Figure 1.

Schematic diagram depicting the synthesis, remodeling, and localization of CL inside the mitochondria. (A) Inside the mitochondria of mammalian cells, the biosynthesis of CL begins with the conversion of phosphatidic acid (PA) to CDP-DAG catalyzed by TAMM41, followed by the transfer of a phosphatidyl group from CDP-DAG to glycerol-3-phosphate to form PGP, a process catalyzed by PGS1. PGP is subsequently dephosphorylated by PTPMT1 to generate PG, and CL is synthesized by CRLS1 through an irreversible condensation reaction of PG and CDP-DAG. The newly synthesized CL (nCL) contains a mixture of fatty acyl chains differing in length and saturation.

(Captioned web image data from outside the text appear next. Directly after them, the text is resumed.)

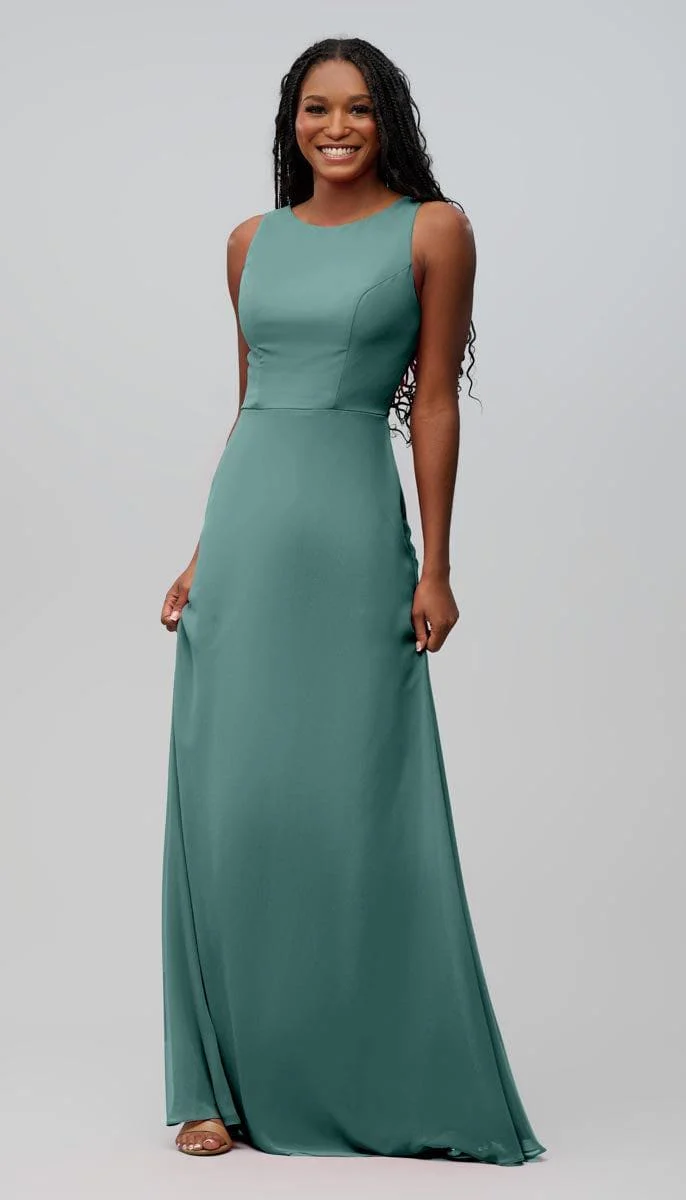 Sample Susie - Image 20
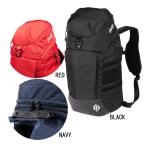 b Louis kblueeq ATHLETE BACKPACK 33 сумка бак портфель рюкзак тренировка посещение школы Club часть . большая вместимость водоотталкивающий 22FW(BQB00015)
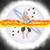 :icondevaindevil432:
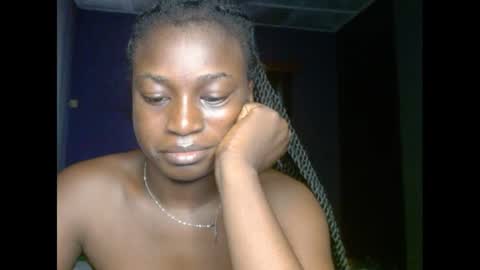 eatuupx online show from 02-09-25, 12:52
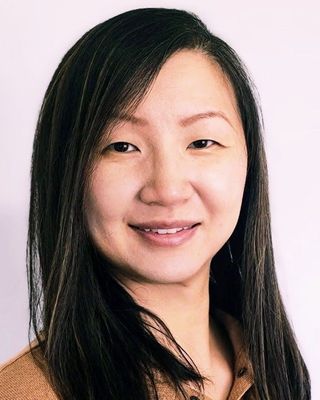 Photo of Angela Chan, Psychologist in Calgary, AB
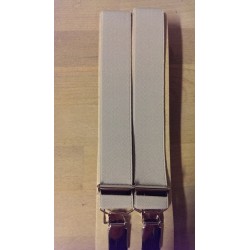 Seler - Den Elegante London sele fra Scanbelt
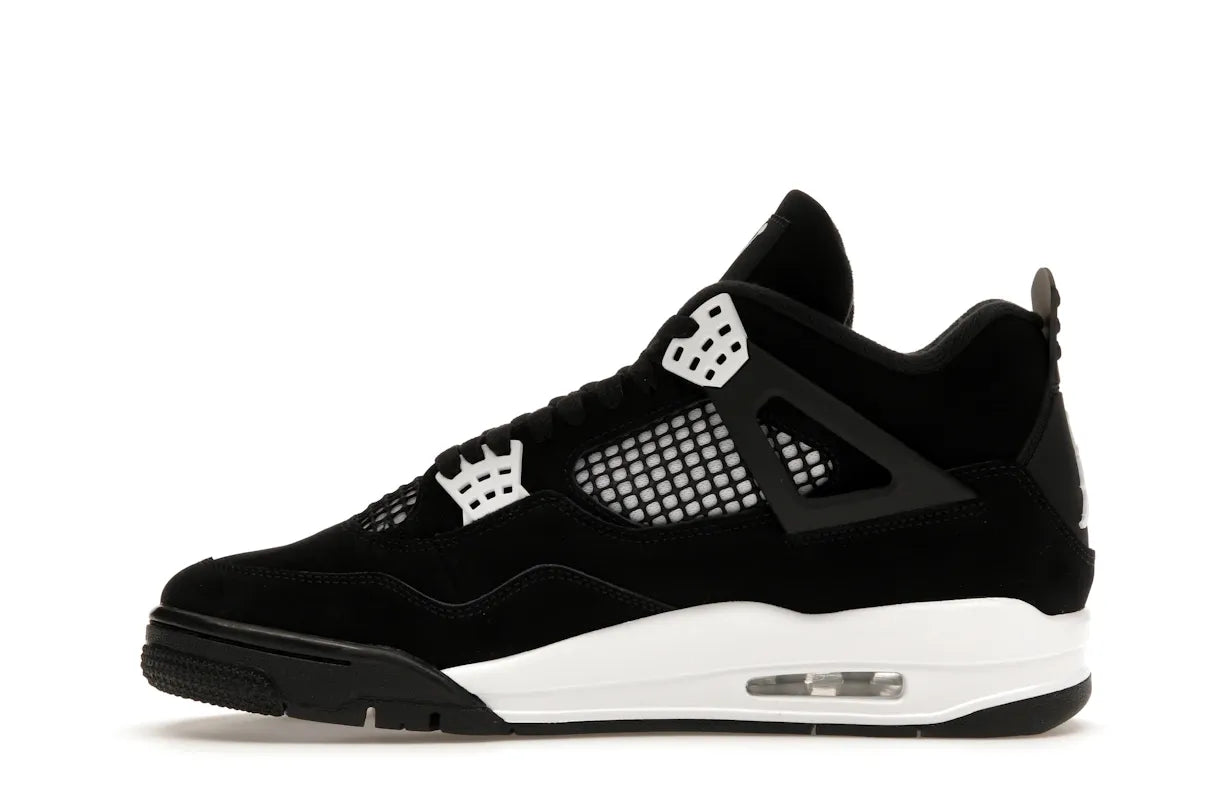 Alt text for the image.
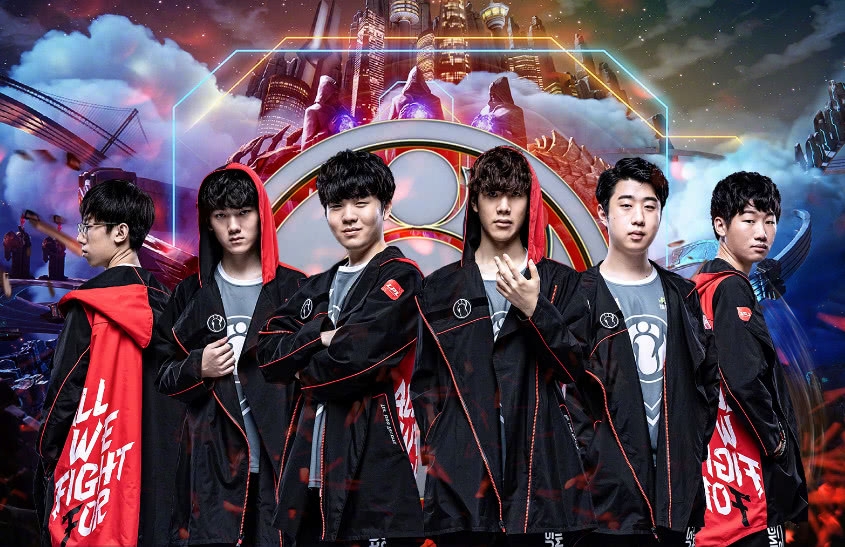 CSGO EPL S16：NaVi 1-2不敌NIP，以小组第三出线
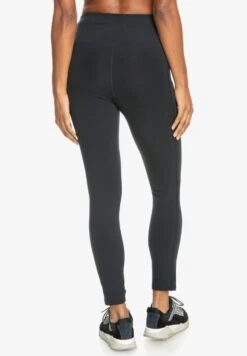 Roxy Heart Into It - Funktionelle Erjnp0348 - Leggings 9 Roxy Heart Into It - Funktionelle Erjnp0348 - Leggings -Roxy 9ef40615707d43ff910939ca15f958ff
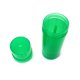 thumbnail image 2 of Envases Vacíos para Desodorante Twist-up 6 unidades (Verde) 60 mL, 2 of 4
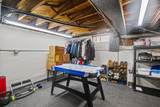 154 30th Street - Photo 24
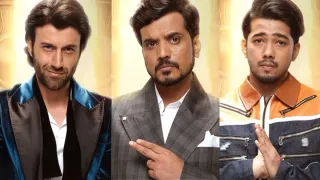 Bigg Boss 20 Nominations Week 2: Why Makers Cancelled The Task And Directly Nominated Three Contestants?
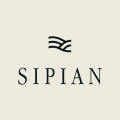 CHÂTEAU SIPIAN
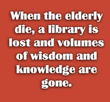 1668778973088.png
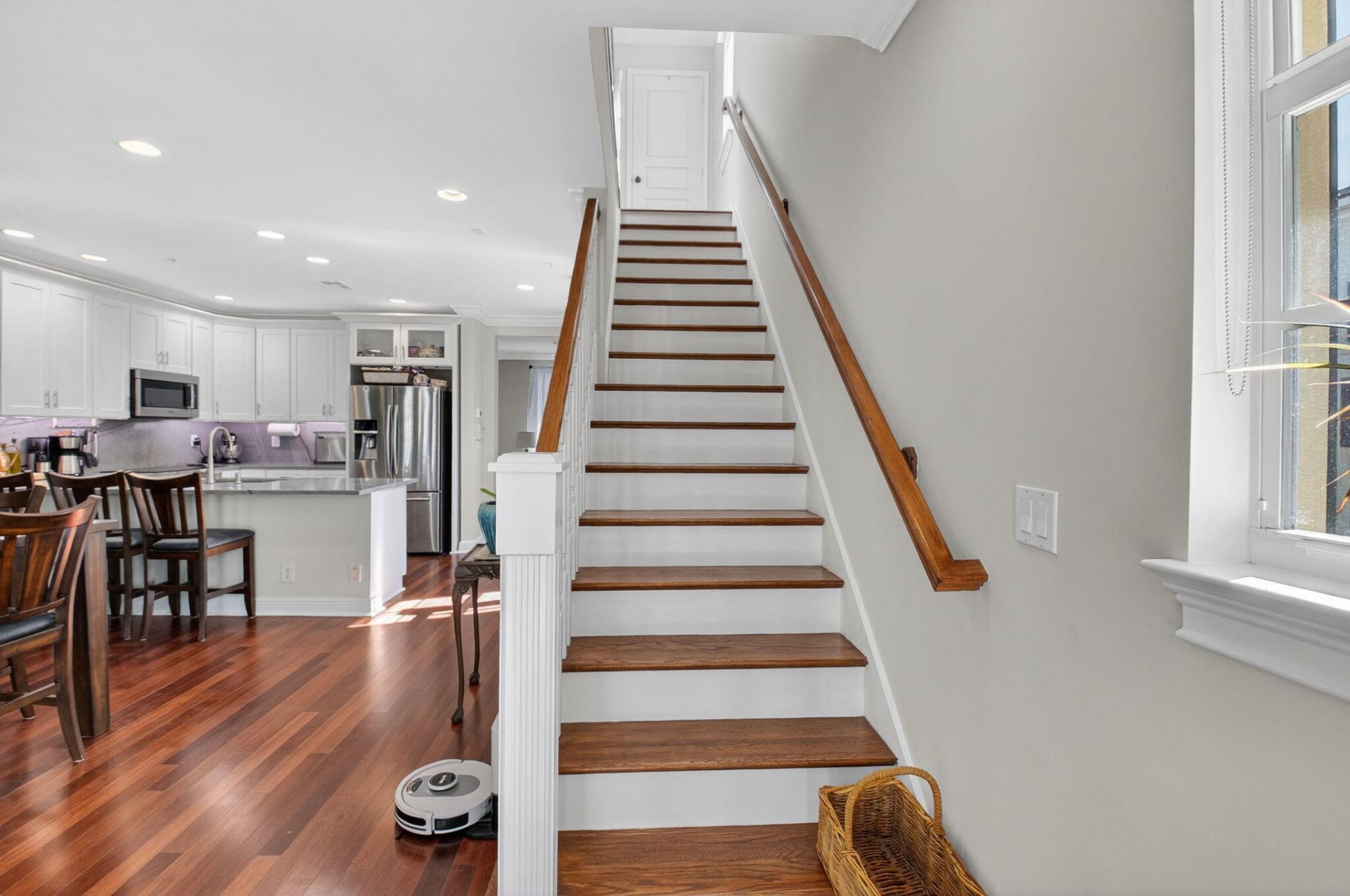 1037 W Heritage Club Circle, Delray Beach, FL 33483 Photo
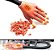 Mão de Treino de manicure Articulada - Imagem 6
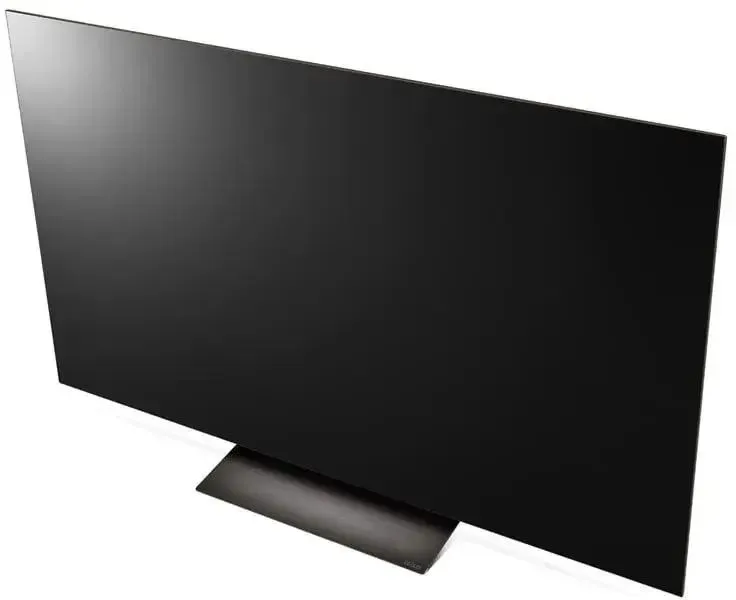 Телевизор LG OLED65C4RLA 65" 4K UHD - фото 4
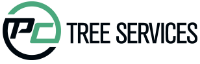 Tree Removal Melbourne - PCTrees Services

To become mature CL, nCL undergoes a series of deacylations and reacylations, a process called remodeling. nCL is first deacylated to monolysocardiolipin (MLCL) by phospholipase A2 PNPLA8 and then reacylated by acyltransferases, including tafazzin (TAZ), acyl-CoA: lysocardiolipin acyltransferase 1 (ALCAT1), and MLCL acyltransferase-1 (MLCL AT1) to achieve a final symmetric acyl composition in mature CL. (B) The tetra-acyl chains and the negatively charged polar moiety give CL a conical shape, which results in CL causing negative curvature in the mitochondrial membrane and the IMM bending, forming the cristae. In addition, the mitochondrial contact site and cristae-organizing system (MICOS) complex and ATP synthase are also essential for the formation of mitochondrial cristae.